The Freddy Jones Band – a group born in Chicago during the 1990s and renowned worldwide for their roots-rock jam-heavy performances in the tradition of groups like The Band and The Allman Brothers -- will return to their “home turf” after a long absence for two shows.
The group hits the stage at 9 p.m. Feb. 22 at FitzGerald’s, 6615 W. Roosevelt, Berwyn. Tickets are $20 (www.fitzgeraldsnightclub.com) and then at 7 p.m. Feb. 23 for a strictly acoustic performance ($20-$36 ticket) at Space (1245 Chicago Ave.) in Evanston (www.evanstonspace.com).
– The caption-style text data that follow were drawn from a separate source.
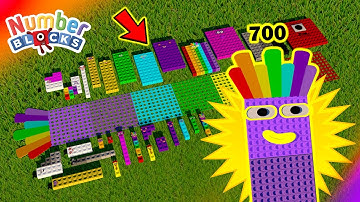 NUMBERBLOCKS PUZZLE Tetris Game 700 Mathlink ASMR RAIN Fanmade Animation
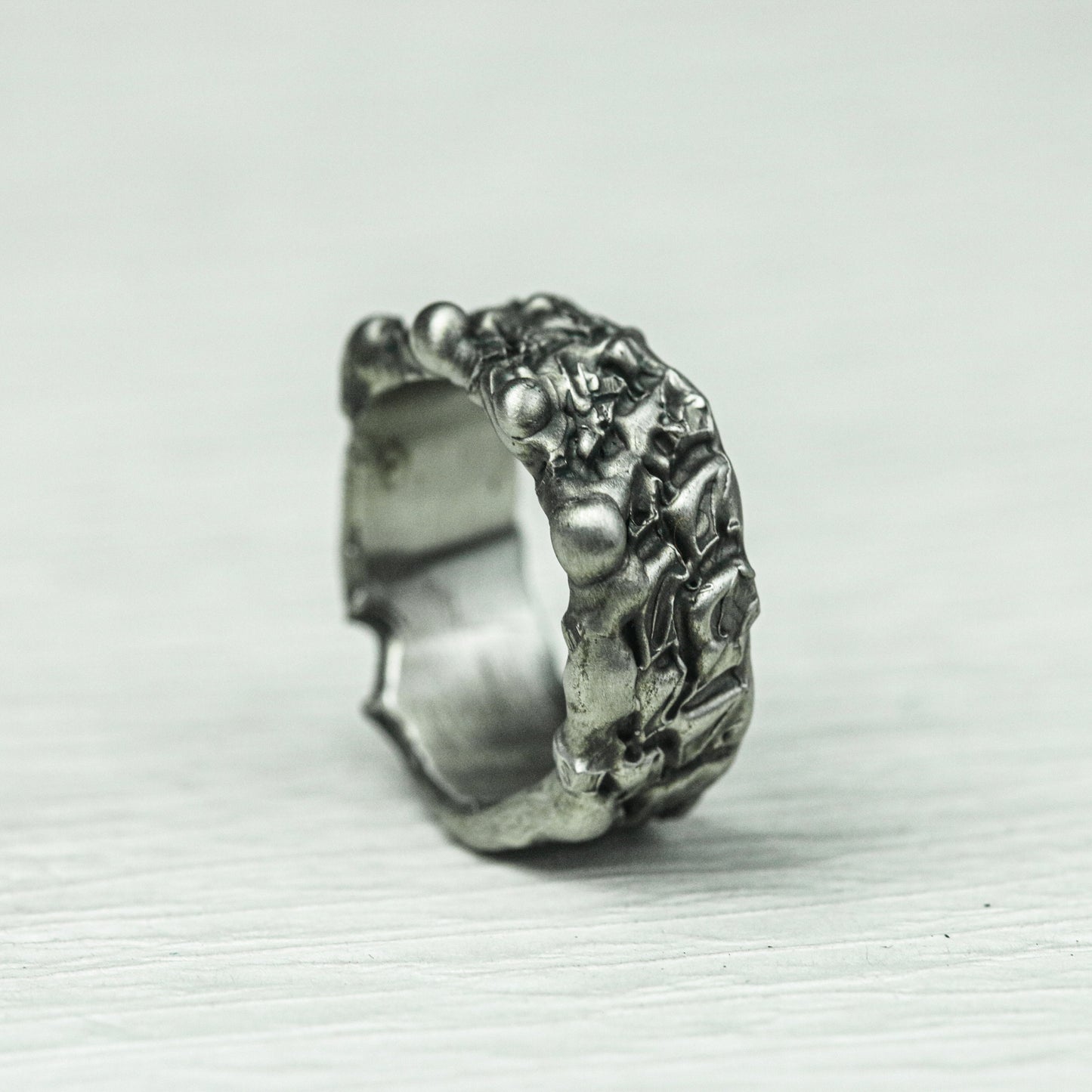 Abyss Claw 925 Silver Handmade Ring ¨C Gothic Predator Band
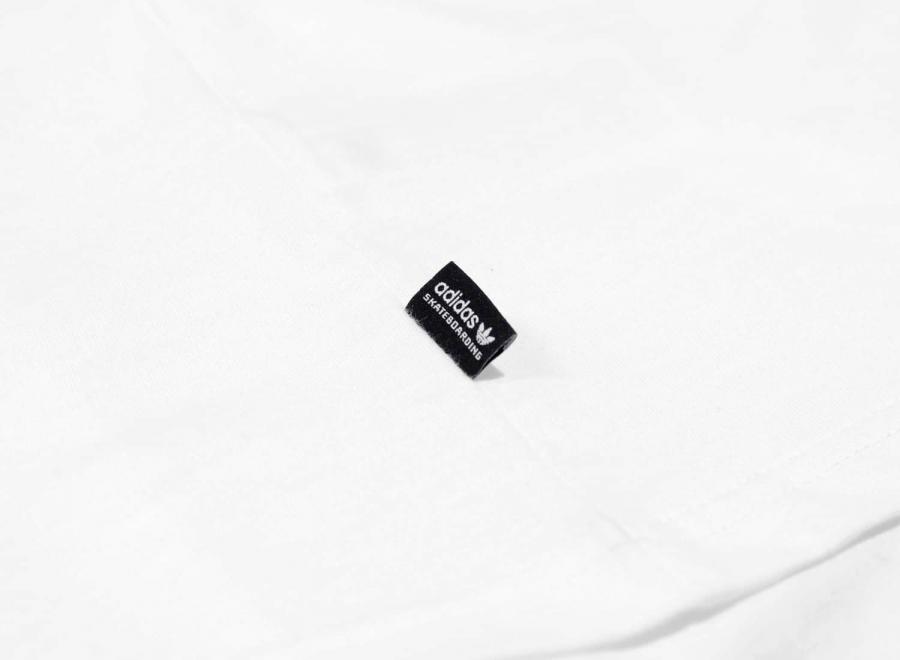 Adidas Skateboarding Solid Shmoo Tee White DM3229 - ADIDAS Originals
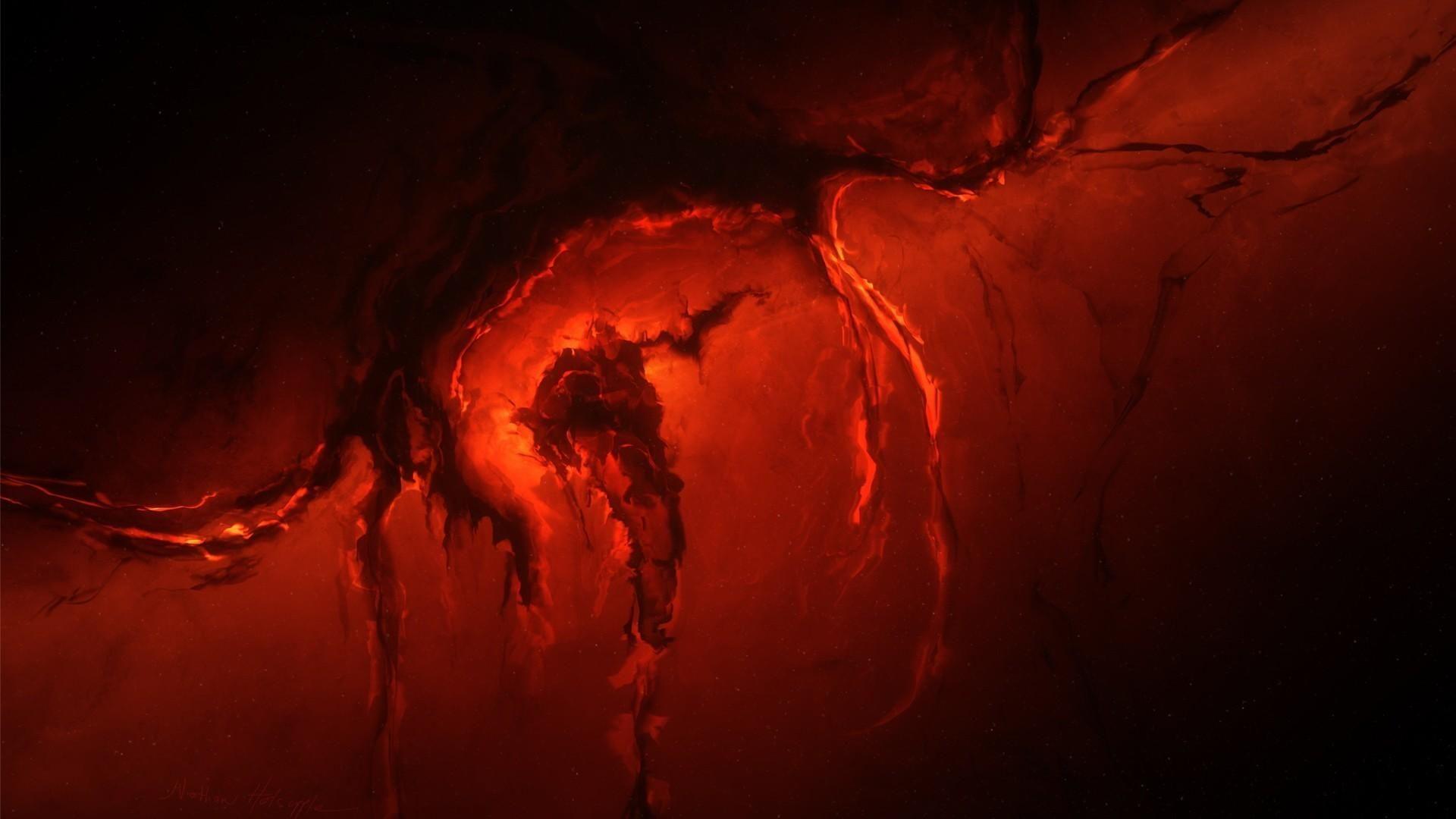 Red Space Wallpapers - Top Free Red Space Backgrounds - WallpaperAccess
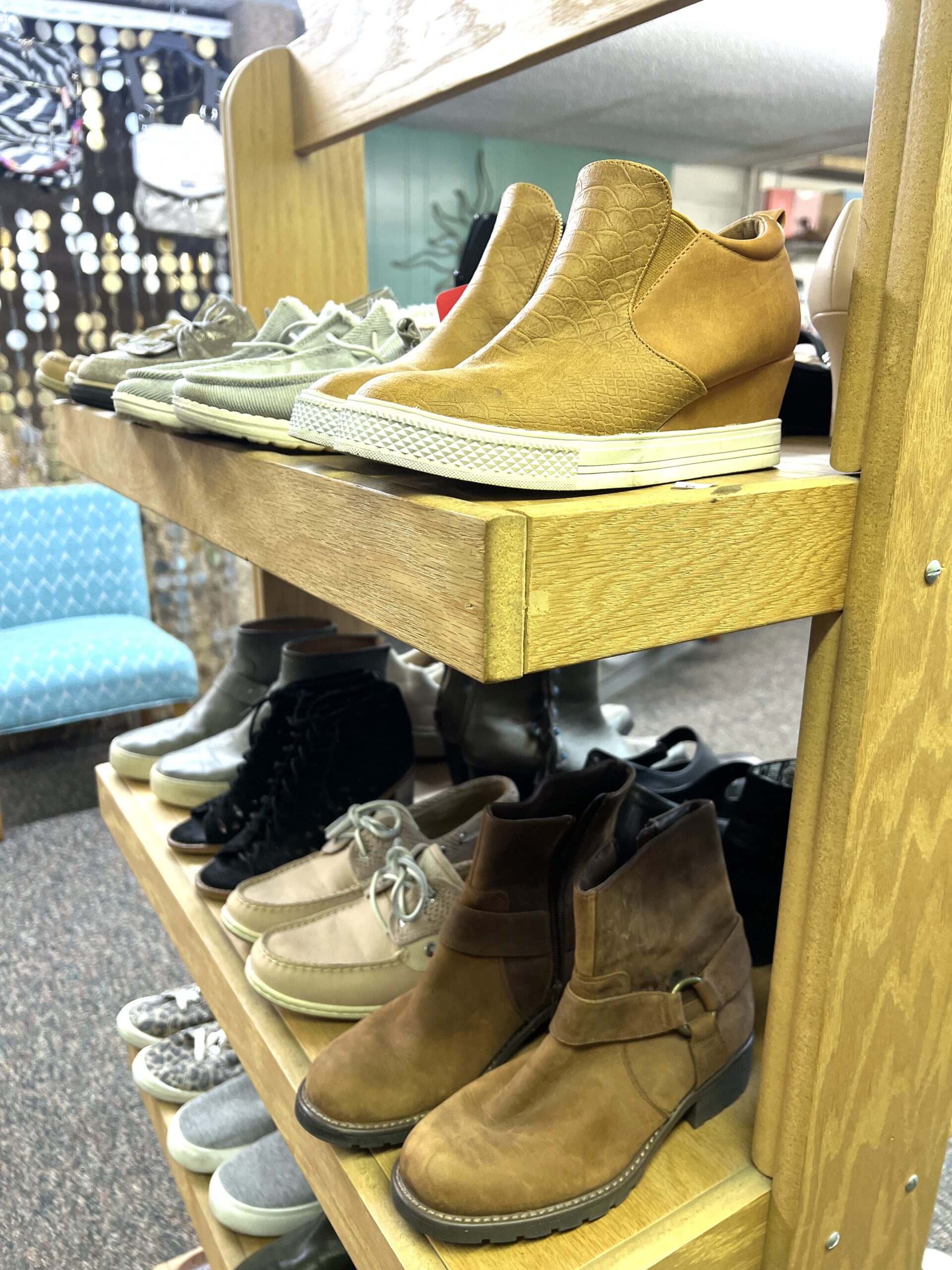 Previously used shoes for sale at Sweet Repeats Boutique.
In 2000, The Freddy Jones Band went on hiatus. During the 10 previous years of recording and touring, the band had amassed a body of work that included five albums and a reputation for lengthy and energetic live shows that made the quintet a hot commodity on the tape-trader circuit. Now the Freddy Jones Band is back and reminding the world what was so special in the first place.
The group's original lineup—singer-guitarists Wayne Healy, Marty Lloyd and Rob Bonaccorsi, bassist Jim Bonaccorsi and drummer Simon Horrocks—reunited in the summer of 2005 for a charity show in its former home base of Chicago.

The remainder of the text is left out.